(Reuters) – A U.S. government national security panel said it identified potential risks that warrant a full investigation of Singapore-based Broadcom Ltd’s $117 billion bid for chipmaker Qualcomm Inc, a senior U.S. Treasury official said in a letter to the companies on Monday.
Some of the concerns relate to risks associated with Broadcom’s relationships with foreign entities, Aimen Mir, the Treasury’s deputy assistant secretary for investment security, said in the letter, without identifying who those parties might be.
The letter, dated March 5, was made public by Qualcomm on Tuesday. (http://bit.ly/2FtCesY)
The U.S. government’s Committee on Foreign Investment in the United States (CFIUS) ordered a national security review of Broadcom’s proposed deal on Sunday in an unusual move that prompted Qualcomm to delay a March 6 shareholder meeting.

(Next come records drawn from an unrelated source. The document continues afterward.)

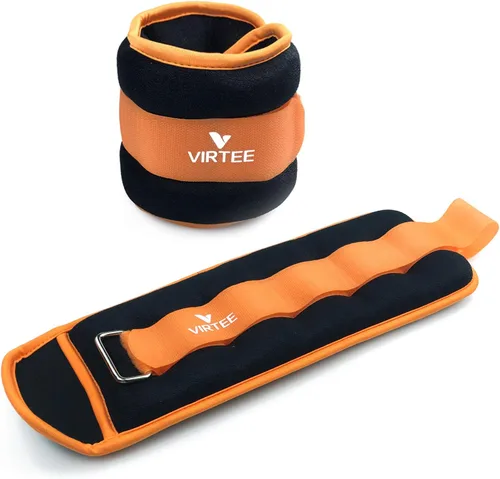 Miniatura 10 de Pesas de tobillo/muñeca para mujeres, hombres, niños – Juego de pesas para piernas de brazo con correa ajustable – correr, trotar, gimnasia, terapia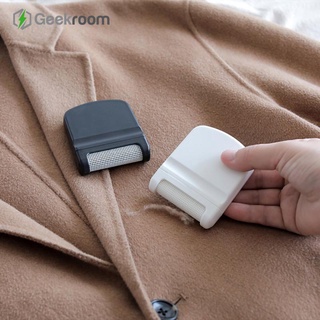 คอนโซลGeekroom Pellet Cut Machine Epilator Reusable Portable Sweater Dust Roller Shaver Clothes Fluff Lint Remover Hair 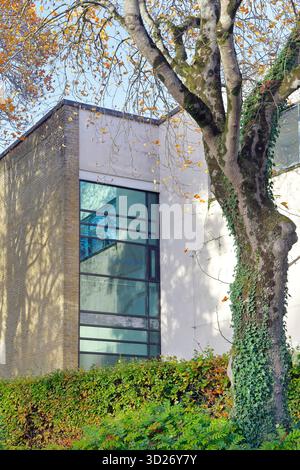 Vue latérale du bâtiment de cricket du comté de Glamorgan (Criced Morgannwg), jardins de Sophia, centre-ville de Cardiff, pays de Galles du Sud, Royaume-Uni. Automne. Prise en octobre 2025 Banque D'Images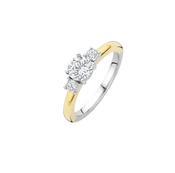 Ti Sento Classic Triple Zirconia Ring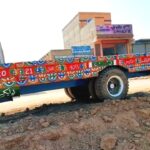 Tractor Trolley in pakistan on road of Shaukat Industry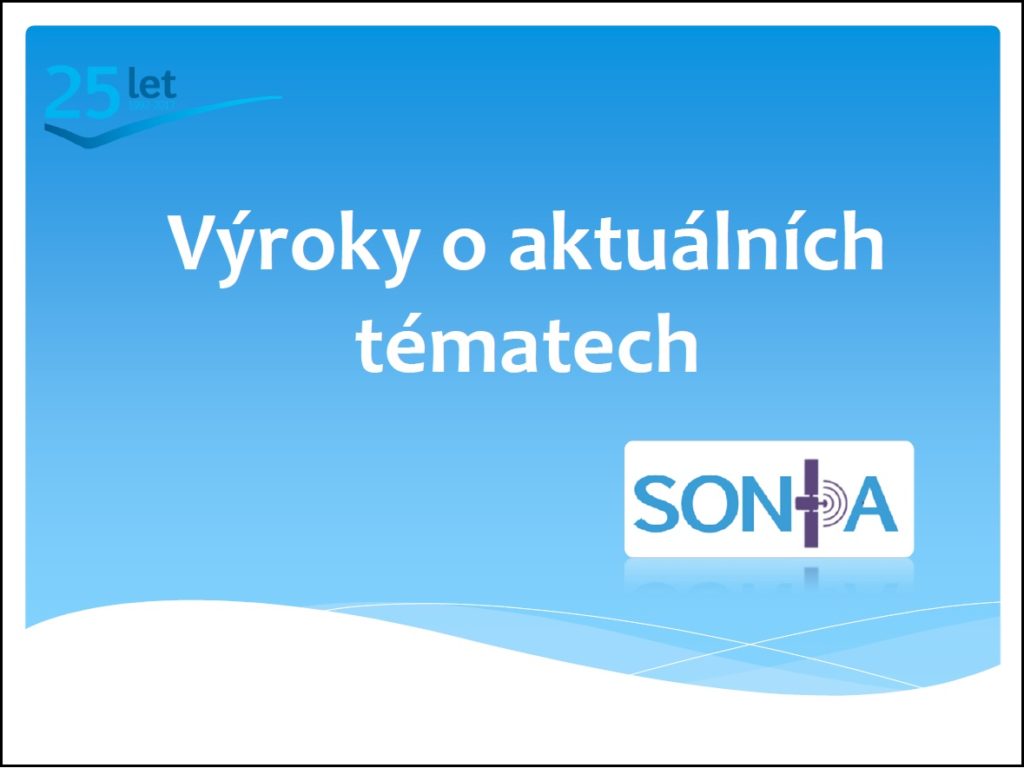 sonda_výroky o aktuálních tématech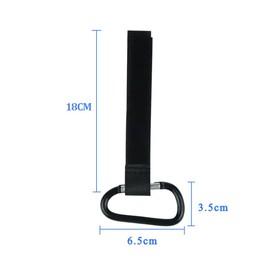 Pack of 6 Pram Hooks for Changing Bags - Pram Hook Bag Hook Pendant for Pram Carabiner Hook for Handbags Universal Fit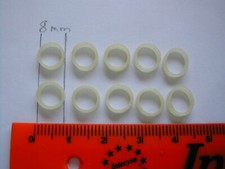 20 Aros de adherencia de 8 mm Ø para locomotoras Escala H0, y N.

The letter said that, as with every investigation, the review will look at the potential risk of an unnamed “actor” working through Broadcom to hurt U.S. national security, adding that the bulk of CFIUS’ concerns were classified.
CFIUS, made up of representatives from the Departments of Defense, State, Justice, Treasury, Commerce, Energy and Homeland Security, assesses proposed foreign deals to purchase U.S. assets to ensure they do not harm national security.
The inter-agency body, led by the Treasury, rarely looks at mergers before companies have clinched an agreement, highlighting the urgency of U.S. concerns about safeguarding semiconductor technology and casting doubt on the deal’s success.
The U.S. government is concerned that Chinese companies, including the big network equipment and mobile phone maker Huawei Technologies, will take advantage of any openings to take the lead in the next generation mobile phone networks known as 5G.
“A shift to Chinese dominance in 5G would have substantial negative security consequences for the United States,” Mir’s letter said.
A source familiar with CFIUS’ thinking told Reuters on Monday that if Broadcom acquired Qualcomm, the U.S. military was concerned that within 10 years “there would essentially be a dominant player in all of these technologies and that’s essentially Huawei.”